White Sox player Jim Thome signs autographs for fans before the final game of spring training in March. It may have been the Sox final game in Tucson.

White Sox player Jim Thome signs autographs for fans before the final game of spring training in March. It may have been the Sox final game in Tucson.

It didn’t take long for another cleat to drop regarding the future of spring training in Tucson.

Hours after the Pima County Board of Supervisors voted to accept a $5 million buyout to let the Chicago White Sox out of the team’s lease at Tucson Electric Park, officials of the Arizona Diamondbacks confirmed the team is entertaining offers to move its spring training operations out of Tucson Electric Park and closer to Phoenix, as well.

“We would rather just stay there,” Diamondbacks president Derrick Hall said Tuesday. “But there has to be more than two teams.

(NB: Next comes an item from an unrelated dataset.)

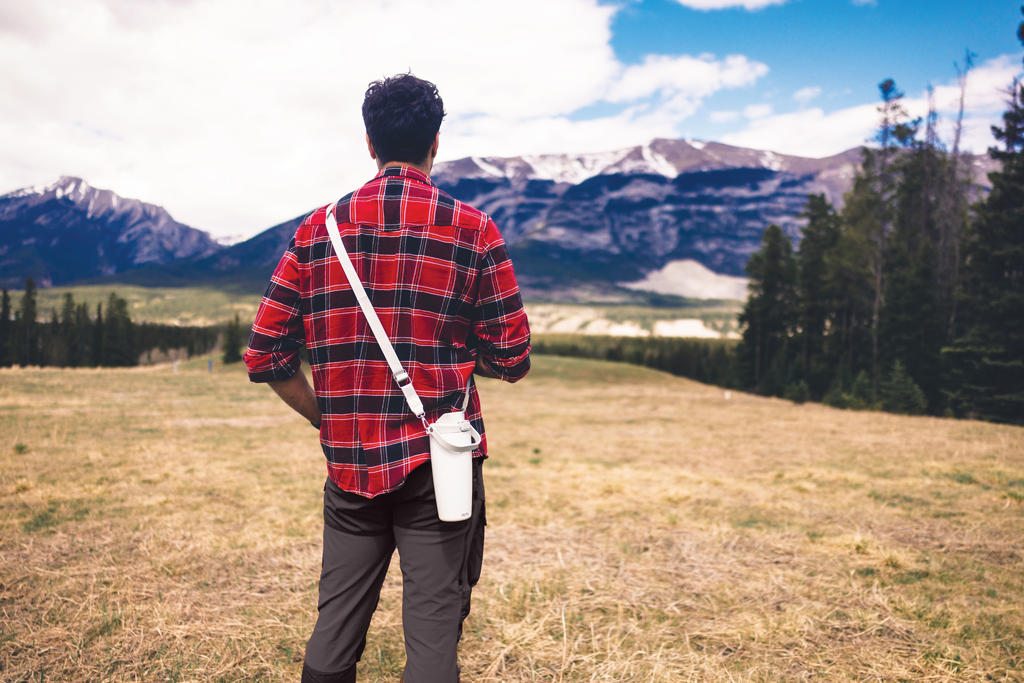 Homme contemplant des montagnes dans un paysage naturel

That’s our issue.”

The Diamondbacks and Colorado Rockies, who train at Hi Corbett Field in Tucson, both have stipulations in their contracts with the county and city that there be at least three teams in the area for spring training.

Both teams can use the departure of the White Sox, and any future failure to draw a third Major League Baseball team to replace the White Sox, as breaches of their contracts binding them to remain here for spring training through 2012 and 2011, respectively.

Hall said the Diamondbacks will conduct spring training in Tucson this coming Cactus League season, and likely at least until the team’s contract with the county to use TEP at least through 2012.

“You would comfortably need at least two to three years to build a stadium and facilities,” Hall said.

Hall added a replacement team might not be enough ultimately keep the Diamondbacks at TEP.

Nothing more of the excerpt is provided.